§ Data in this exercise
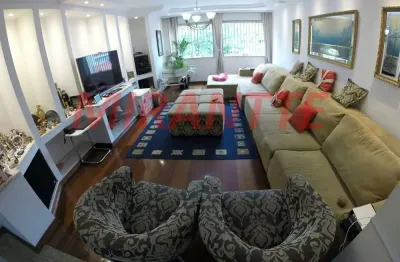 Sobrado de 198m² com 4 quartos em jardim kherlakian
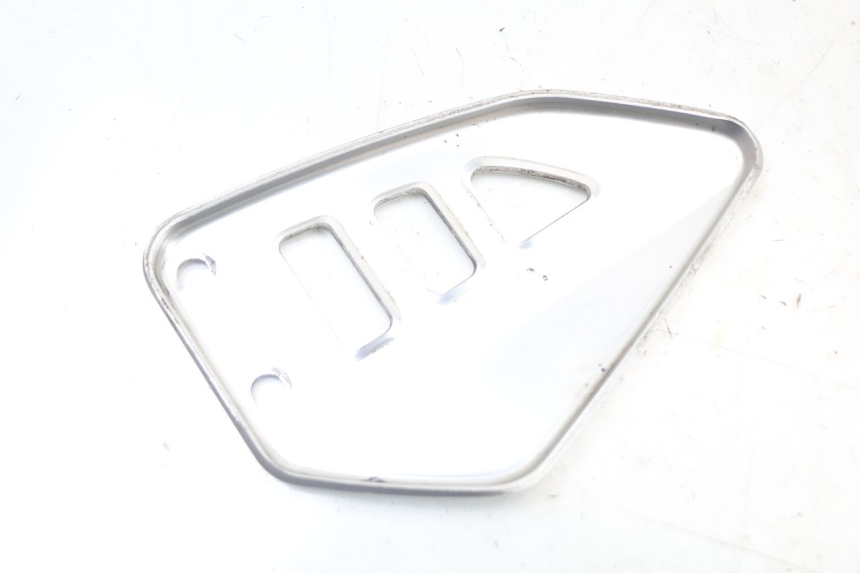 photo de TAMPA LATERAL ESQUERDA DO CHASSI SUZUKI SV S 650 (1999 - 2002) - Ampliação técnica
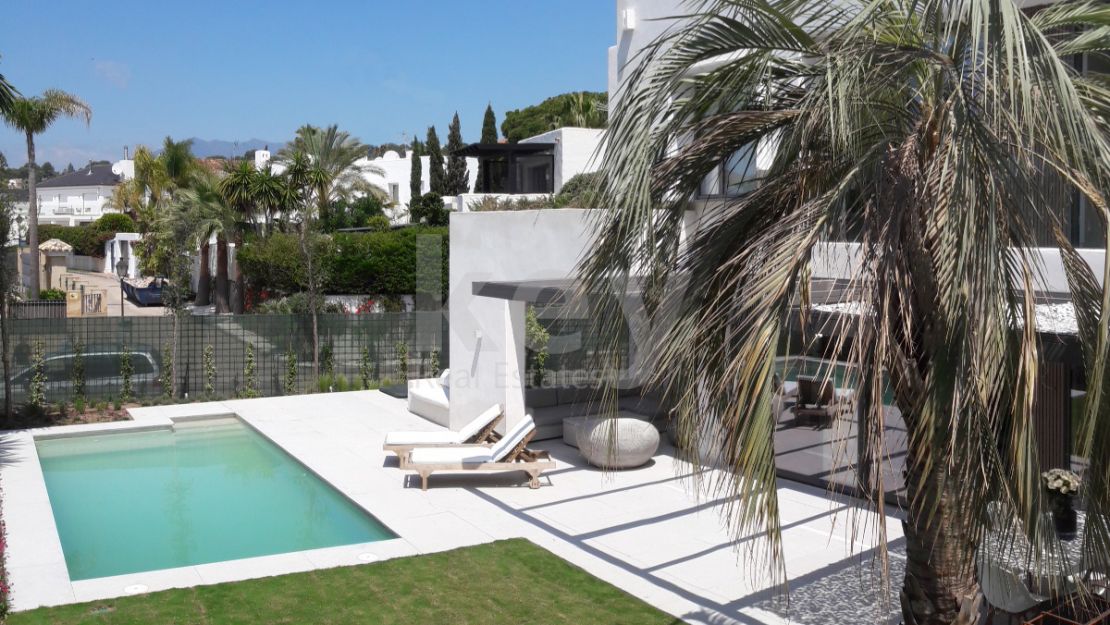 Una villa moderna en alquiler larga temporada en Milla de Oro, Marbella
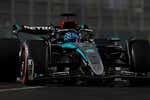 George Russell le birla la pole a Carlos Sainz, segundo; Fernando Alonso compromete su carrera y saldrá 17º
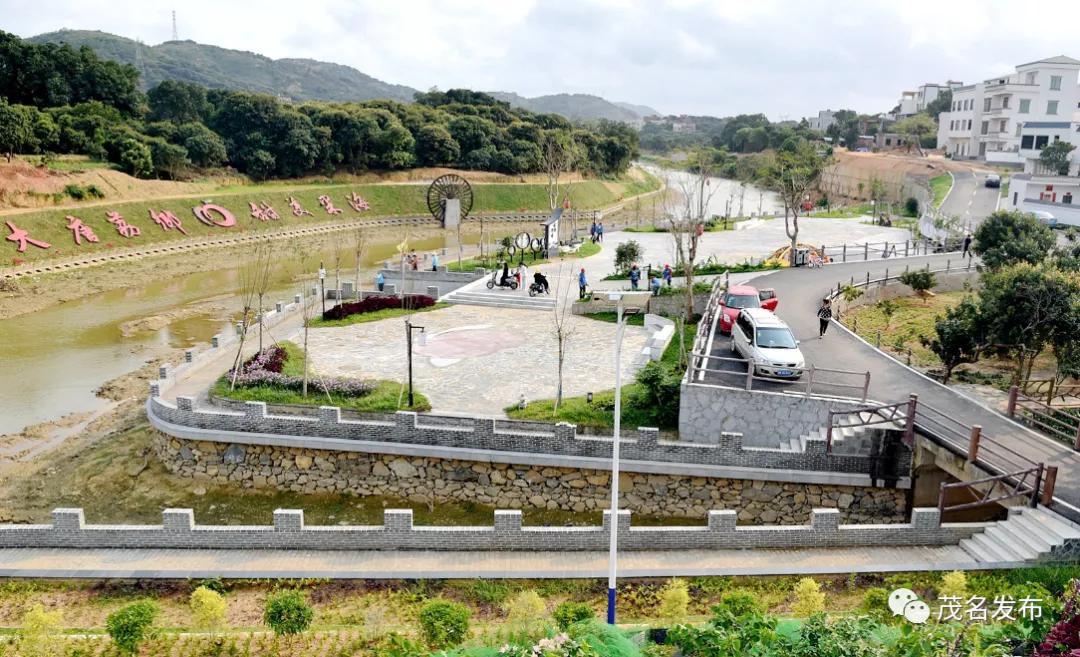 高州市根子镇桥头村河岸广场.茂名日报社全媒体记者 陈国汉 摄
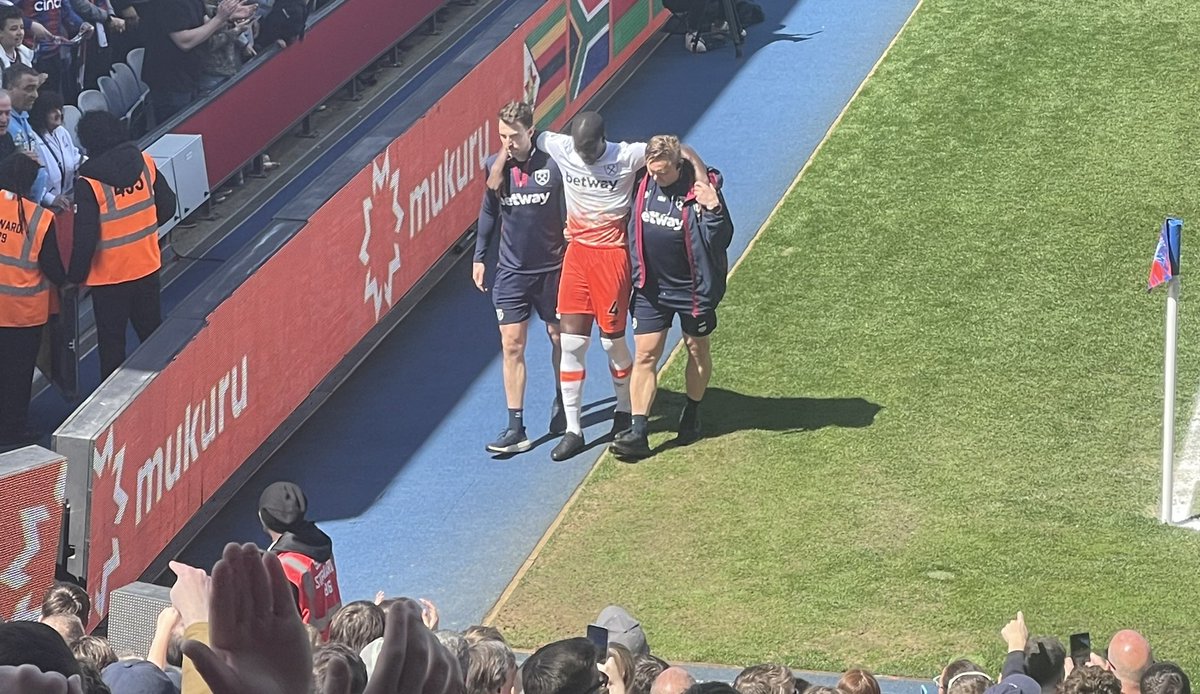 That’s how your cat feels 

Best ever chant to an opposition player

Kurt Zouma 

#cpfc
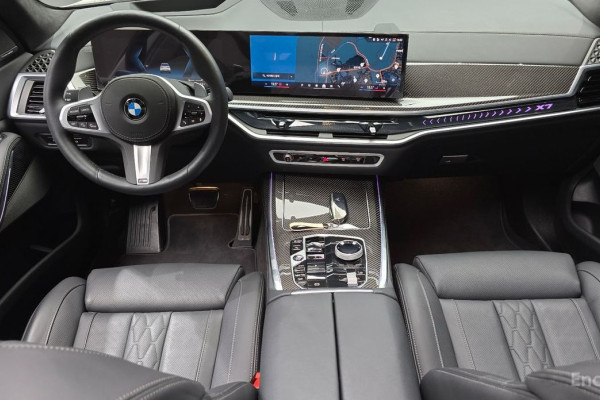 2025 BMW X7 с пробегом 5 733 км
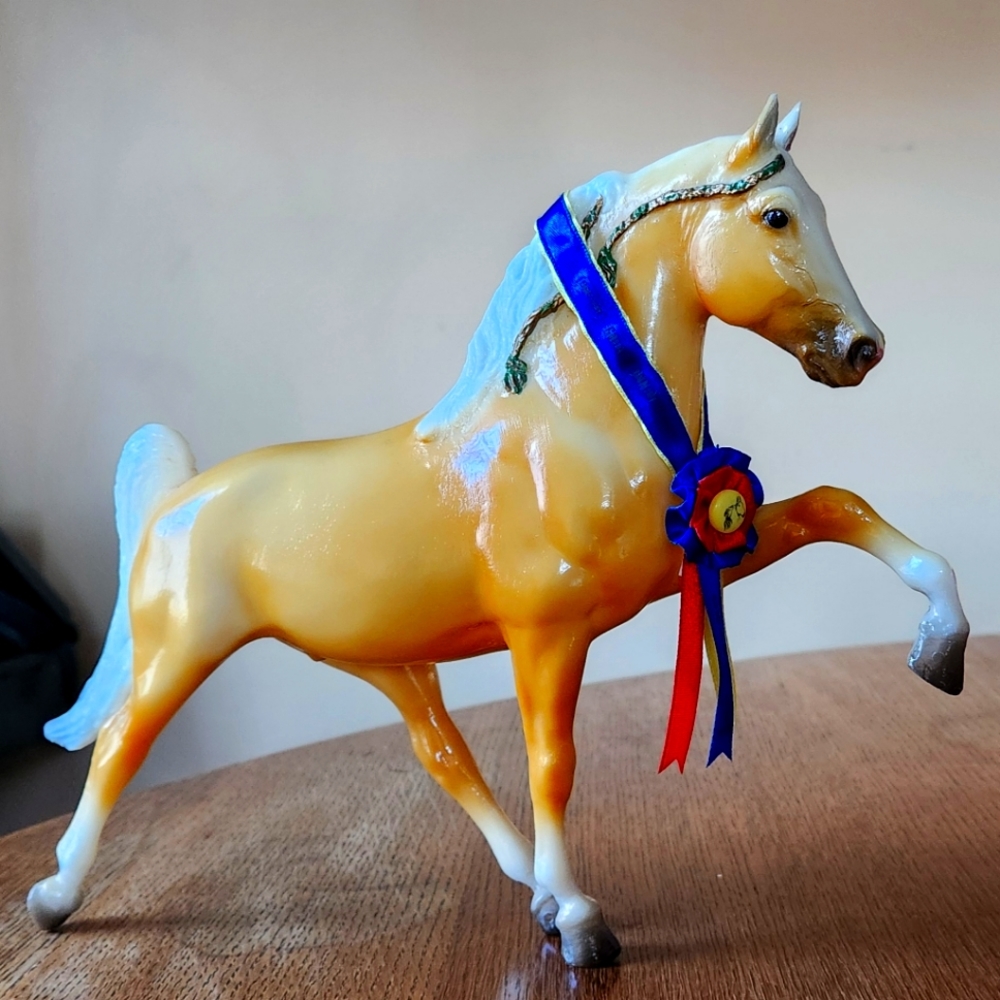Breyer Tennessee walker model horse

§ Exercise requirements
Retype the line containing "2025 BMW X7 с пробегом 5 733 км" and all lines after it to the end of the material, exactly as written, leaving out any pictures.

§ Task result
 2025 BMW X7 с пробегом 5 733 км
Breyer Tennessee walker model horse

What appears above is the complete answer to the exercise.